Similarly, you can’t encourage high-cost farming. In the chemical corporatized agriculture paradigm the cost of production will be high and then you have to give 50 percent over it for MSP. So, the government will be forced to think of a low-cost, environmentally sustainable agriculture paradigm.
Farmer unions would prefer private companies to buy at the MSP rate from mandis. Would you also recommend an expansion of mandis?
Of course. We are not talking just about prices. We do need more mandis. We do need more direct marketing options. We need investments in farmer collectives, storages and retention capacity, better warehouse receipts. The government has to invest.
We have placed disproportionate faith in deregulated private markets in these Acts. In the distant past there was disproportionate investment in some locations of mandis.
Farmers and their market interfaces are diverse. A woman farmer sells at the farm gate, an Adivasi farmer in the village haat. We haven’t invested in multiple marketing channels.

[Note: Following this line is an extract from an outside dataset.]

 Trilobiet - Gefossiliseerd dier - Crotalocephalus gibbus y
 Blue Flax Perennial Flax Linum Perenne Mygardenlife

Farmers are not asking the government to buy everything. Initially, a little investment is required. But once the purchasing power of rural India is improved it will benefit the economy to the extent that the government can rake in more revenue. With purchasing power in the hands of producers, there is greater hope for farm workers. It’s a virtuous cycle.
Has the experience in contract farming, by and large, not been a good one for farmers?
I find that in the organic farming sector, which is also into contract farming, farmers have actually benefited. The organic market is a niche one they can dip into. It is able to pass on benefits to farmers just like any niche market.
But if you look at contract farming in the seeds industry, for example, there is tremendous exploitation. Child labour exists, very low prices are paid to seed-producing farmers though seed companies charge exorbitant rates to seed- consuming farmers whether its hybrid maize or cotton or sorghum. They don’t even get into direct contracts with seed farmers. They go through agents called seed organizers.
The same system is used for potato contract farming. In Punjab I found that farmers who had a written contract with Pepsi for seed potato production were in a different situation from wafer potato farmers with whom Pepsi did not even have written contracts. The company may or may not buy. There is no assurance. If you look at sugarcane, a classic example of contract farming, it’s a disaster out there. Tens of thousands of crores in arrears are pending to farmers.
So why are we so enthusiastic about contract farming. The government says why are you worried it’s a voluntary agreement. We are having to point out that contract farming appears attractive to highly distressed farmers who receive no assurance from the government. (But) If you guarantee MSP there will be no takers for contract farming.
The market is so adverse to farmers that an enterprise offering contract farming looks attractive. So, we have to dig deeper into what appears to be voluntary.
Maybe they need better regulation for contract farming?
But so many states already have contract farming laws in their APMC Acts. Punjab and Tamil Nadu have separate contract farming legislation. Gujarat, Maharashtra and Odisha have incorporated contract farming provisions in their APMC Acts. Why do we need a central law?
Contract farming has never been an attractive proposition to corporations because they don’t want to deal with so many marginal farmers. They would rather have a 500-hectare farmer doing it for them.
In this contract farming law, farmers have also been defined as an FPO (Farmer-Producer Organisation). That is a re-conceptualization of the FPO. For all of us, an FPO is an empowering farmer collective for greater bargaining space. Whereas in the government’s concept, the FPO is that chamcha who will make the job of the company easier by aggregating individual marginal farmers. There is a part in the contract Act called a production agreement which is akin to corporate farming where the risk is supposedly taken by the sponsor. It’s not as clean as it looks.